Ce décret répond-il aux questions que nous vous posions à l'époque ? Comment ce fonds sera-t-il construit, géré et défini ? Quelle sera la place du candidat à la reprise ? Aura-t-il son mot à dire ou devra-t-il, au final, nécessairement suivre l'avis du bailleur de crainte de voir le bail se terminer ? J'espère que la date de publication du décret au Journal officiel, le 4 août, est de bon augure dans ce domaine.

Par ailleurs, les DPU seront-ils intégrés dans la valorisation d'un fonds agricole et, dans l'affirmative, jusqu'à quand ?

Permettez-moi de m'arrêter un instant, comme l'a fait M. Repentin tout à l'heure, sur la question que pose le décret, paru au début du mois de juillet, relatif à l'évaluation par l'AFSSA des produits phytopharmaceutiques, matières fertilisantes et supports de culture.

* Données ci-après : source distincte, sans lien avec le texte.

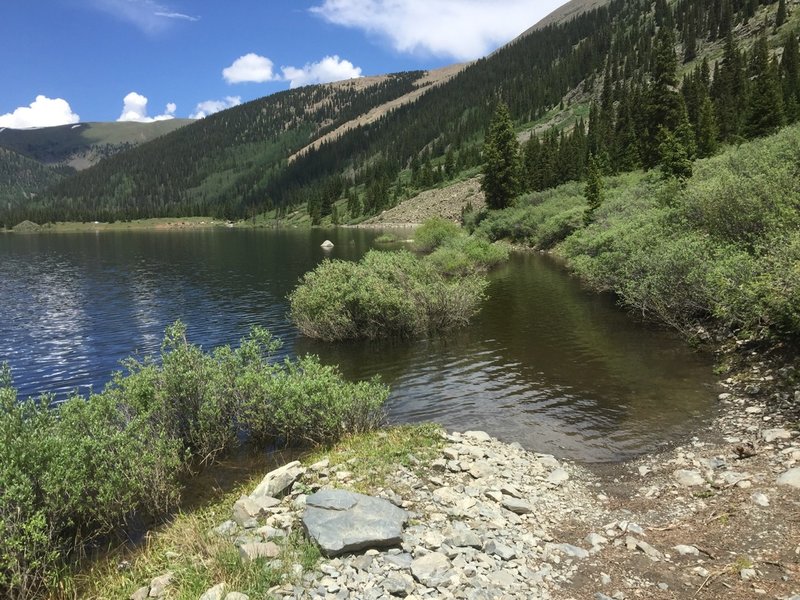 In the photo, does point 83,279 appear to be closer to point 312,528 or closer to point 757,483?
point 312,528

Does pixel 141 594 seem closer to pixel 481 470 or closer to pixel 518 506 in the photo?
pixel 518 506

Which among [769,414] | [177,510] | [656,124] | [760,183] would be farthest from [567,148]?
[177,510]

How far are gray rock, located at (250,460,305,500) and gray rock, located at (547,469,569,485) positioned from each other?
6.51m

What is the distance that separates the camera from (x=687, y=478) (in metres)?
12.3

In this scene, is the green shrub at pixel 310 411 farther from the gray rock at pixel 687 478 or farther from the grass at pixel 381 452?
the gray rock at pixel 687 478

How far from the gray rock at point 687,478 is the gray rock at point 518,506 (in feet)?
13.7

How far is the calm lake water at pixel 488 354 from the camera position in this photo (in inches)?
Result: 700

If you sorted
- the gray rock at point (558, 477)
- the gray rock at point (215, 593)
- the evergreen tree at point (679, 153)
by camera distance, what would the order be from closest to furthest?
1. the gray rock at point (215, 593)
2. the gray rock at point (558, 477)
3. the evergreen tree at point (679, 153)

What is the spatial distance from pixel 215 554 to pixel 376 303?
21342 mm

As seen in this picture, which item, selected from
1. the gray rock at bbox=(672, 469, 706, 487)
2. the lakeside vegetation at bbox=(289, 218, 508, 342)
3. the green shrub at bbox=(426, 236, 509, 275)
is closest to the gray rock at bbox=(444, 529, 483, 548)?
the gray rock at bbox=(672, 469, 706, 487)

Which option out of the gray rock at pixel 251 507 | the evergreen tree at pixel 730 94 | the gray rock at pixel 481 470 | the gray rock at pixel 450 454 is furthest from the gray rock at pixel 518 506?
the evergreen tree at pixel 730 94

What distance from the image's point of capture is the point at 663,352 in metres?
25.0

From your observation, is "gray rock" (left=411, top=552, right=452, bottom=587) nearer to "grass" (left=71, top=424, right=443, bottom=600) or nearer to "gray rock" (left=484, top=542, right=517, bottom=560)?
"gray rock" (left=484, top=542, right=517, bottom=560)

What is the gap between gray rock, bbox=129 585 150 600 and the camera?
875 centimetres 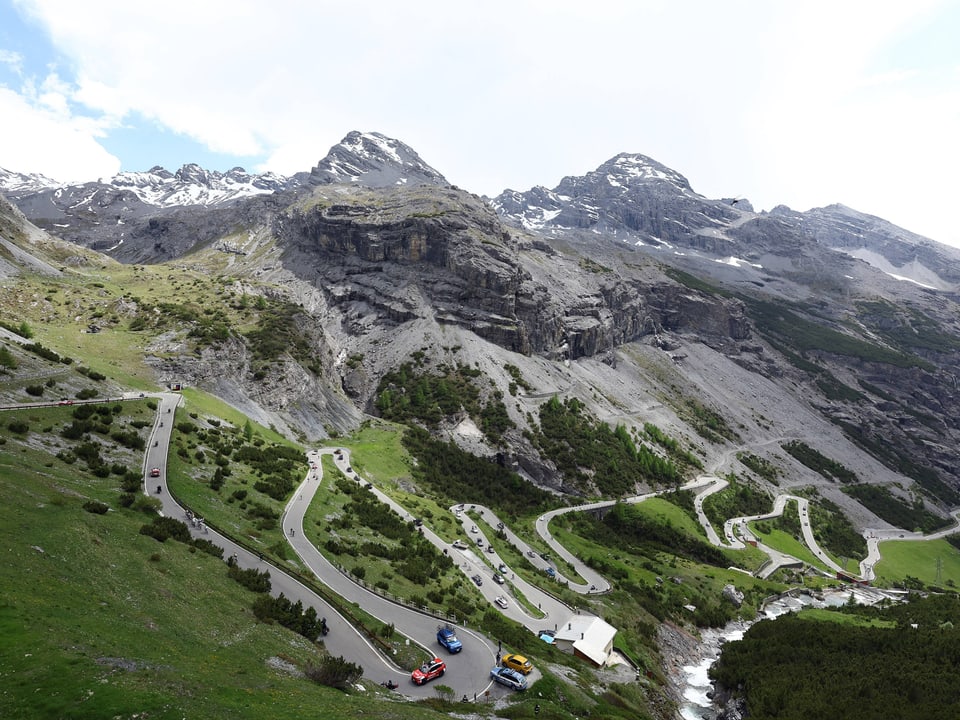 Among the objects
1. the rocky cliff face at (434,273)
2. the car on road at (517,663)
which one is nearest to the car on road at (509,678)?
the car on road at (517,663)

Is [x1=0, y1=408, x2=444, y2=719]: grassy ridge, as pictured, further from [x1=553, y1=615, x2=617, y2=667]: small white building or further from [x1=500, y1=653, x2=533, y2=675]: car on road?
[x1=553, y1=615, x2=617, y2=667]: small white building

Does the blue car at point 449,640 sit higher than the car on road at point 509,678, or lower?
lower

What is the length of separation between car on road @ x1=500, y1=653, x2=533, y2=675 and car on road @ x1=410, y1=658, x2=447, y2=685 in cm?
477

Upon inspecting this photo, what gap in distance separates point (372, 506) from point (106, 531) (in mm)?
32692

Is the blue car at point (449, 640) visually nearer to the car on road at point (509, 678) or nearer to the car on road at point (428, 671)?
the car on road at point (428, 671)

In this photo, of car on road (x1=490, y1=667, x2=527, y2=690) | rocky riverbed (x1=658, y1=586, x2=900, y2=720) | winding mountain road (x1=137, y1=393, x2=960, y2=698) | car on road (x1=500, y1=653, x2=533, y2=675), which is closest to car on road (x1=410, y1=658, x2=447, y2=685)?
winding mountain road (x1=137, y1=393, x2=960, y2=698)

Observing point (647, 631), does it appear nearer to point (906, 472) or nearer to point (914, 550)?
point (914, 550)

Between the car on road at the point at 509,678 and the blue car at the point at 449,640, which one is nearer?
the car on road at the point at 509,678

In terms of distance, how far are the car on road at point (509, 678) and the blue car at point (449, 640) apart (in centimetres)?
278

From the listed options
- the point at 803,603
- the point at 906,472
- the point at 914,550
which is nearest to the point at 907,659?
the point at 803,603

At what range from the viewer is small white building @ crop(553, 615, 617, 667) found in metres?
43.0

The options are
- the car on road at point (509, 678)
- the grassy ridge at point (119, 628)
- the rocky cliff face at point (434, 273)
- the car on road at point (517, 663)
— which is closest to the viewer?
the grassy ridge at point (119, 628)

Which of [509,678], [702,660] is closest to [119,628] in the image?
[509,678]

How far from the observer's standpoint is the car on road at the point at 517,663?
32.4 m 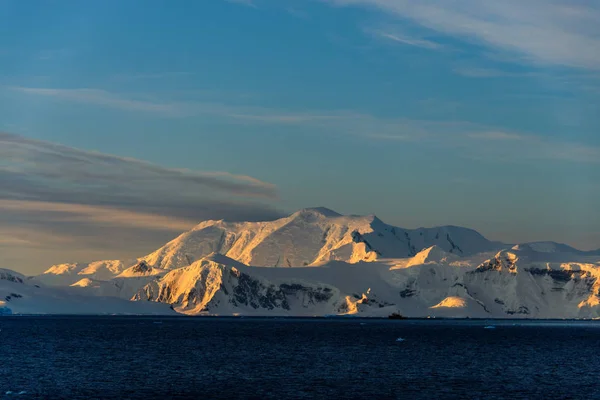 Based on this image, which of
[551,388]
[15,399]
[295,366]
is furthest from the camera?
[295,366]

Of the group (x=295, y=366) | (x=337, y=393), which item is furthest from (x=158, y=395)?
(x=295, y=366)

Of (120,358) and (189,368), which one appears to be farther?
(120,358)

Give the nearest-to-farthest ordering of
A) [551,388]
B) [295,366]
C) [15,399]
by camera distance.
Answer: [15,399] → [551,388] → [295,366]

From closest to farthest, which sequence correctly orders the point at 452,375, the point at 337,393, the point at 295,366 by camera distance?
the point at 337,393 < the point at 452,375 < the point at 295,366

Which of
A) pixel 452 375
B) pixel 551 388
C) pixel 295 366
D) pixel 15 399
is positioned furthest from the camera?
pixel 295 366

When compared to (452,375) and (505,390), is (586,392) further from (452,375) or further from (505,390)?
(452,375)

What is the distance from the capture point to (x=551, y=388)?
134 m

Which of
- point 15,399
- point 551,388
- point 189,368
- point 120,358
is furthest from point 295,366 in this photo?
point 15,399

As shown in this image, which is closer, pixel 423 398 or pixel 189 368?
pixel 423 398

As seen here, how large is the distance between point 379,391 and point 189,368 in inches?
1689

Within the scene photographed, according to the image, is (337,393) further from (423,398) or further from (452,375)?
(452,375)

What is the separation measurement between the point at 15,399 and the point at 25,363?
170 ft

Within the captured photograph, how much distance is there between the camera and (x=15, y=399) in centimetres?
11506

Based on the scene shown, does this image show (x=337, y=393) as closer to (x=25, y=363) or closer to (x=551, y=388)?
(x=551, y=388)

Ce décret prévoit que seront désormais interdites toute publicité commerciale et toute recommandation pour les produits phytopharmaceutiques contenant une ou plusieurs substances actives destinées au traitement de végétaux si ces produits ne bénéficient pas d'une autorisation de mise sur le marché ou d'une autorisation de distribution pour expérimentation.

Ces dispositions posent un réel problème pour des produits naturels traditionnels et des pratiques qui, jusqu'à présent, étaient considérées comme particulièrement respectueuses de l'environnement.

Monsieur le ministre, vous avez dû, je présume, recevoir un très grand nombre de courriers d'alerte de la part de nombreux parlementaires, tant l'émoi suscité par ces décrets a été grand non seulement dans le petit monde du jardinage écologique, mais également dans le milieu agricole et rural soucieux des bonnes pratiques environnementales.

Nous sommes bien loin, là, d'une vision écologique et économe du travail de la terre. Comment peut-on à la fois prôner la limitation de l'utilisation de produits fongicides et d'engrais pour lutter contre la pollution des sols et des eaux et interdire la promotion des produits naturels et quasiment gratuits ? Mais n'est-ce pas précisément là le noeud du problème ?

On peut comprendre l'importance de ne pas tout laisser faire et, surtout, de ne pas laisser faire n'importe comment, mais reconnaissez que nous sommes dans une situation singulière, dans laquelle le contrevenant est passible de deux ans de prison et de 75 000 euros d'amende ! Y avait-il réellement urgence à publier ce décret en l'état ?

Monsieur le ministre, il convient de légiférer rapidement sur les biocarburants, qu'il s'agisse de l'utilisation, comme carburant agricole, d'huile végétale pure ou des modalités de production, de commercialisation et d'utilisation de l'huile végétale.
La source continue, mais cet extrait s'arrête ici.